— EXERCISE INSTRUCTIONS —
Repeat only the lines below from the one that contains "Fachada Condomínio em" through the final line, exactly. Omit pictures.

(Crawled caption data)
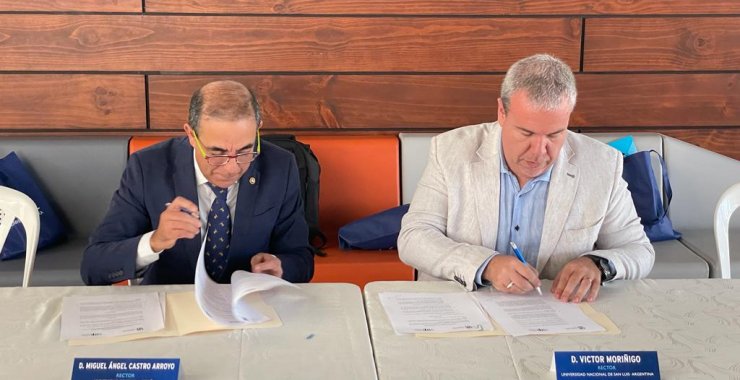 Moriñigo firmó el convenio de ingreso de las universidades de CRISCOS a AUIP
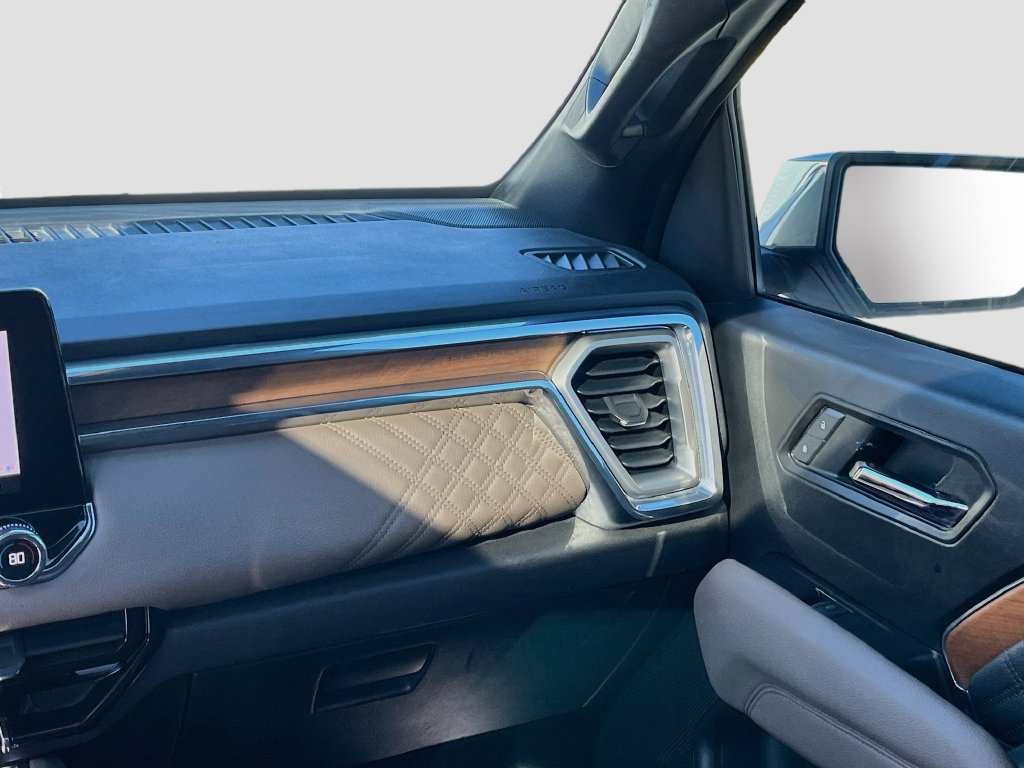 Used 2024 GMC Canyon Denali AWD/4WD image 25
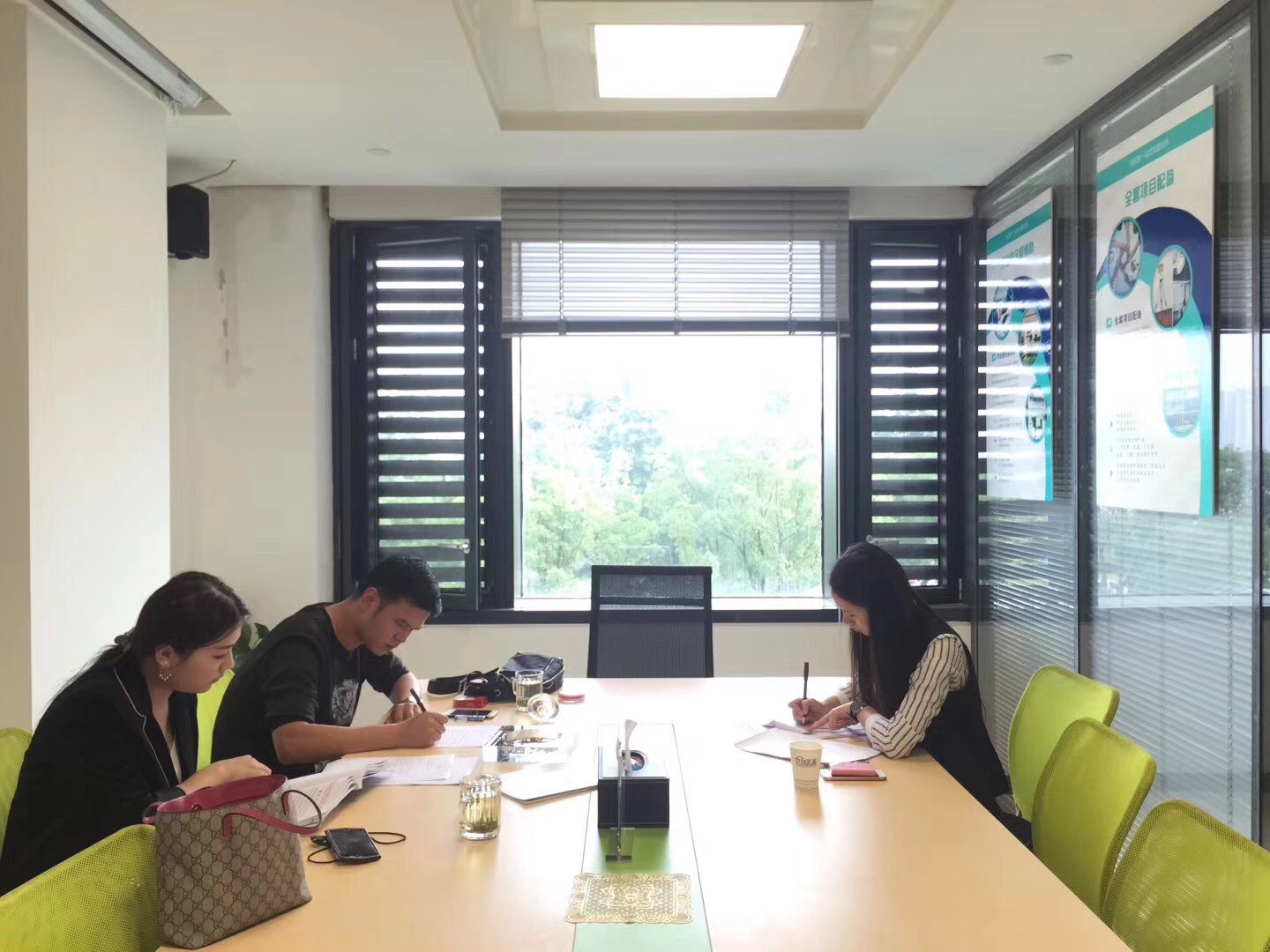 熱烈祝賀楊總簽約創(chuàng)綠家浙江省縣級市代理! 熱烈祝賀楊總簽約創(chuàng)綠家浙江省縣級市代理!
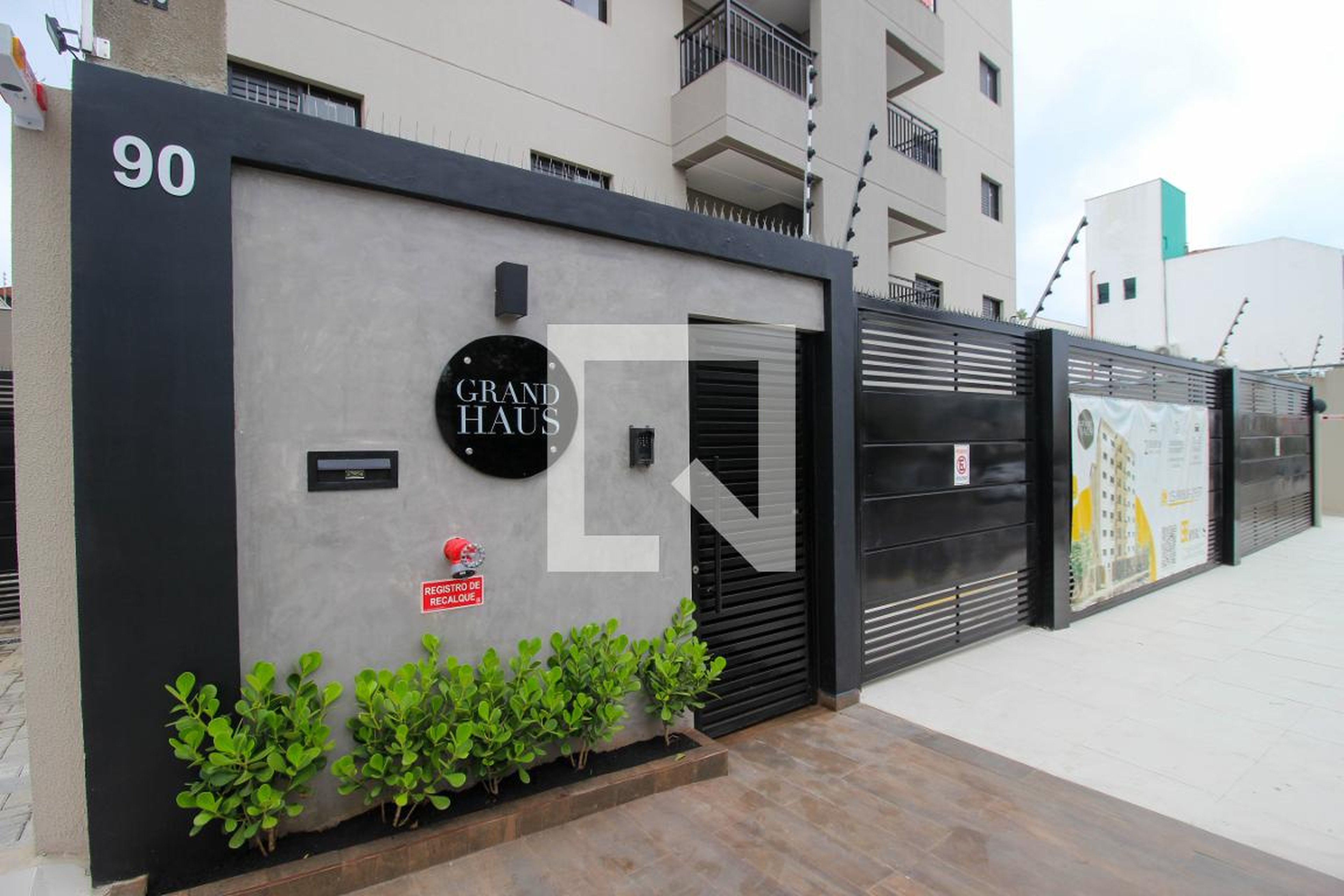 Fachada Condomínio em Rua Doutor Lineu Mattos Silveira, 90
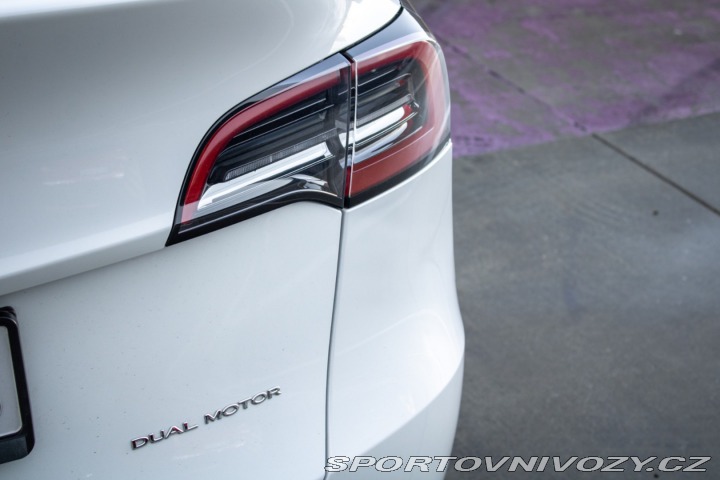 Tesla Model Y 75kWh Long Range AWD 378 2023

— TASK ANSWER —
 Fachada Condomínio em Rua Doutor Lineu Mattos Silveira, 90
 Tesla Model Y 75kWh Long Range AWD 378 2023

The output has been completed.